__Task description__. Transcribe exactly, and only, the lines running from the one with "Moulin Roty Ecole" to the end of the entries below, both included, without any pictures.
━━━━━━━━━━━━━━━━
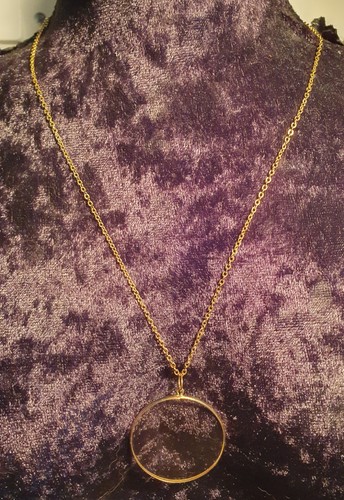 Argos carat gold chain - 9,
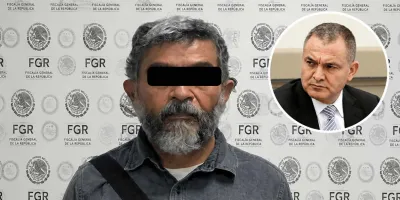 Golpe a red de García Luna: cae exjefe de penales por desvío de 5 mil millones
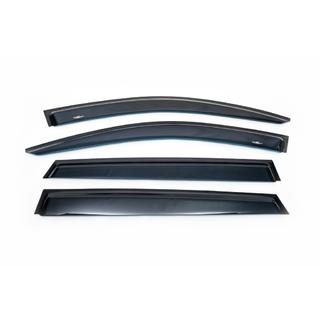 Deflettori Finestrini (4 pz, HIC) Audi Q7 2015–2026 foto 3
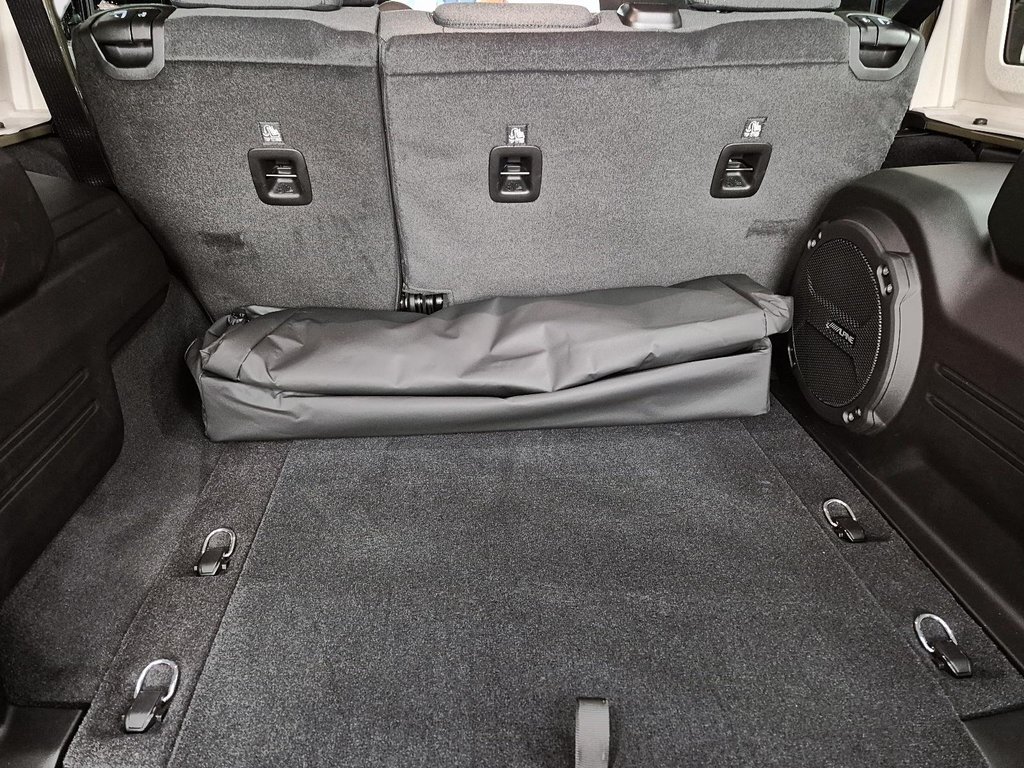 Jeep Wrangler 4-Door WILLYS 2026 à Sherbrooke, Québec - 6 - w1024h768px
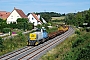 Vossloh 5001888 - CLMTP "99 87 9181 521-5"
26.08.2015 - Ettendorf
Yannick Hauser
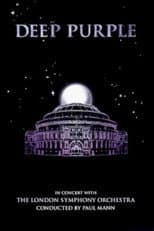 Poster for Deep Purple: In Concert with The London Symphony Orchestra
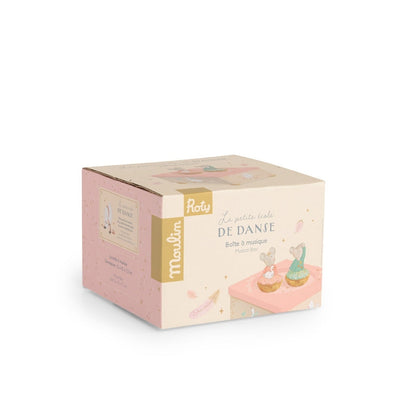 Moulin Roty Ecole de Danse Spieluhr Ballerina 3J+
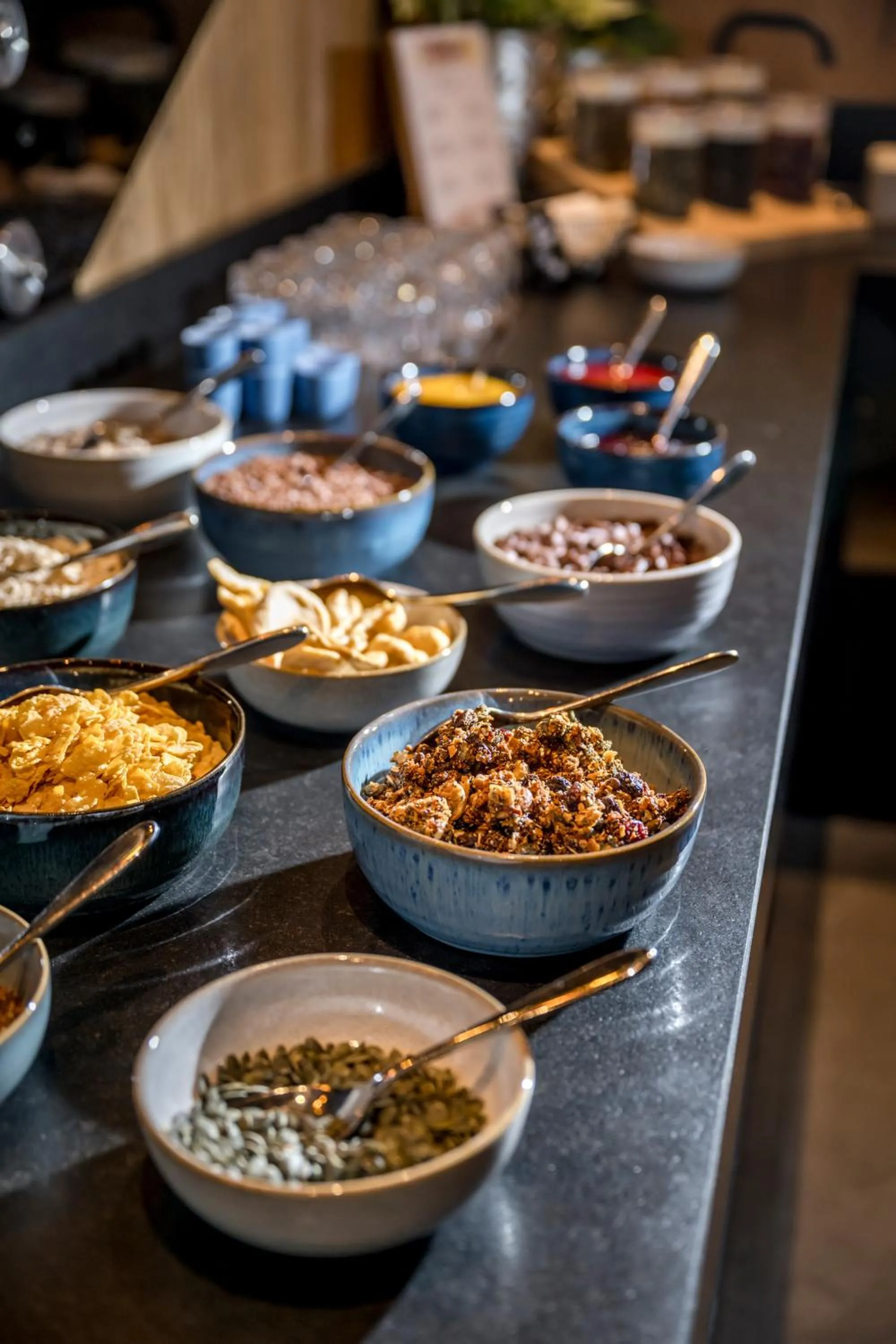 Breakfast in WITTMANNs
━━━━━━━━━━━━━━━━
__Answer__.
 Moulin Roty Ecole de Danse Spieluhr Ballerina 3J+
 Breakfast in WITTMANNs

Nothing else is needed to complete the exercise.